In the almost-30 years I have been visiting Canada on a semi-regular basis (Mom remarried and moved there in 1980), I have always been struck by the utter lack of a certain kind of fear and anxiety by its citizens. Although always subject to the unpredictable whims of euro-capitalism, there is a peace of mind that prevails in Canada which can only be attributable to one thing: an excellent system of health care – both in payment and delivery. People are not only are healthier in Canada; they feel healthier. And it shows.
It’s pretty simple, really. Here’s how it works for your average, everyday visit to the doctor. Any resident of the province of, for example, Ontario walks into the doctor’s office, showing their OHIP card. They get an office visit with the doctor. They leave. The doctor submits the visit to the Ontario Ministry of Health, probably electronically. The OMH pays the doctor. Visit, payment; visit, payment; visit, payment. All day long.
No scrutinizing and copying of health insurance cards; no giant health insurance bureaucracy poised to deny coverage; no co-pays; no high deductibles. In the bigger picture, none of the fear and anxiety of the accident or illness that will lead to financial ruin. This leaves Canadians to worry about those other important variables in life – jobs, relationships, kids, education, progress. But not health care. That is their national commitment to themselves and their future. Health care is their right.

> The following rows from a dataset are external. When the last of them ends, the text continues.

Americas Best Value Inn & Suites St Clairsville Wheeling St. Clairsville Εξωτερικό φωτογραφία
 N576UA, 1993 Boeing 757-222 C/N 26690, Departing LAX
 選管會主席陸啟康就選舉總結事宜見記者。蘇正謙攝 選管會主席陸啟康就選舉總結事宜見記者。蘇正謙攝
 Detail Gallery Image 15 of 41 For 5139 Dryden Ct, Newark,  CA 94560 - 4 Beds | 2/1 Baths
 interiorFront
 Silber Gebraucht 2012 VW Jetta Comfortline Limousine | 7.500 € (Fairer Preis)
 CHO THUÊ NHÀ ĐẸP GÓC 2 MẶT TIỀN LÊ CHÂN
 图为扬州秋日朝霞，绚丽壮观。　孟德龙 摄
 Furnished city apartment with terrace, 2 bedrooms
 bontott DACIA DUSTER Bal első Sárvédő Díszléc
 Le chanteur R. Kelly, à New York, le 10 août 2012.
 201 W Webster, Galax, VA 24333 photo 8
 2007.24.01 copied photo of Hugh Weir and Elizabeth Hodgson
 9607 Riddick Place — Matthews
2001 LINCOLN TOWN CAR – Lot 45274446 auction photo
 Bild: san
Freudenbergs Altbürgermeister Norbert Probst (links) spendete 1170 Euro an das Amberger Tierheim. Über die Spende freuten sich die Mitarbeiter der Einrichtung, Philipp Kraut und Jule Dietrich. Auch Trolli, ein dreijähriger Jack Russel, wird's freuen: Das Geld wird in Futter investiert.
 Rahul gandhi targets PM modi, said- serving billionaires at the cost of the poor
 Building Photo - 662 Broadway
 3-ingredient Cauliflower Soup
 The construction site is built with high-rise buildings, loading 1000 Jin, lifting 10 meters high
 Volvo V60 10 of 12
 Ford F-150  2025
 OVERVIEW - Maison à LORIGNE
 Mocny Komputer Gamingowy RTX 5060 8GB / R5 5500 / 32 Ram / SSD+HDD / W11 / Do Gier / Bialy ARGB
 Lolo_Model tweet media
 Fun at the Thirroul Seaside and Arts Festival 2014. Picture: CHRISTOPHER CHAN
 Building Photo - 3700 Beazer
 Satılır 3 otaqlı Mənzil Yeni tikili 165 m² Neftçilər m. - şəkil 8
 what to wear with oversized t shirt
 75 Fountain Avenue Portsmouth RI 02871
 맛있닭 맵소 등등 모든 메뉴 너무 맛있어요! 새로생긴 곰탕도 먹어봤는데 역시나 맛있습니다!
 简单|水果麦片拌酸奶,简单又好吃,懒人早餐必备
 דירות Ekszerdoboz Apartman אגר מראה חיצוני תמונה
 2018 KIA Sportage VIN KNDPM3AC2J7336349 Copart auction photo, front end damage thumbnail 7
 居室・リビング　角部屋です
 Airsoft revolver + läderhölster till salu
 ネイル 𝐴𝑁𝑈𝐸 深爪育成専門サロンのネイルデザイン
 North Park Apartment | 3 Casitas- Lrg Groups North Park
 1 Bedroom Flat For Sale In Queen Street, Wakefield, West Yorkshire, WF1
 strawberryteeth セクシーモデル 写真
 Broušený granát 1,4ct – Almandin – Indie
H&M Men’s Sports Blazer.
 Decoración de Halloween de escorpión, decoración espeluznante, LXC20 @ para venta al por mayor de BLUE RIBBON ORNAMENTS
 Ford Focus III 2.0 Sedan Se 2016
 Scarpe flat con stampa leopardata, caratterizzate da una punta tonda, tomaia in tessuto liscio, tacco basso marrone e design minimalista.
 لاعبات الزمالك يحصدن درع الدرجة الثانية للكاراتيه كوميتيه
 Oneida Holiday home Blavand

Are there problems in the system? Sure, there are. And, when things don’t work, the political system responds and heads will roll. The enemies of health care reform in the U.S. have made sure that you’ve heard anecdotal stories about long wait times for this or that. This morning, my copy of the Toronto Star reported that a guy who was working full-time to reduce wait-times had been sacked. If there is a problem (I am not taking the U.S. wing-nuts’ word for it), this is how it is supposed to work. The effectiveness of health care delivery becomes political and things get done. Try getting some satisfaction out of a fat-cat insurance company dragging its feet approving your expensive hip replacement. Good luck with that.
As always happens when the health insurance industry is threatened in the U.S., the checkbooks are open for anyone willing to provide fodder for their lies. Canadians telling health care horror stories in the U.S. media are like anti-black African Americans and anti-feminist women – they are all extremely well paid to take the positions they take. The fact is that no Canadian in their right mind – not one – would trade their government health care system for the craziness of the U.S. "system" of social Darwinism, gold-plated doctors and giant health insurance vultures.
"It is awfully tempting – painfully so – to feel superior to the United States over its national debate, and I use the term irresponsibly, on health-care reform," writes one apparently reasonable columnist in my Globe and Mail this morning. Indeed, we are the laughing stock of the world, as loopy people paid by lobbyists or simply misled by wing-nut squawkers who know better try to besiege those in Congress brave enough to hold town hall meetings in the midst of a campaign of organized disruption. If you want to see the difference between the astroturf ridiculousness of people "fighting to get our country back" from the elected African-American guy and the real thing, try proposing the dismantling of the health care system in Canada. Then you will really see the people rise up to keep what they have.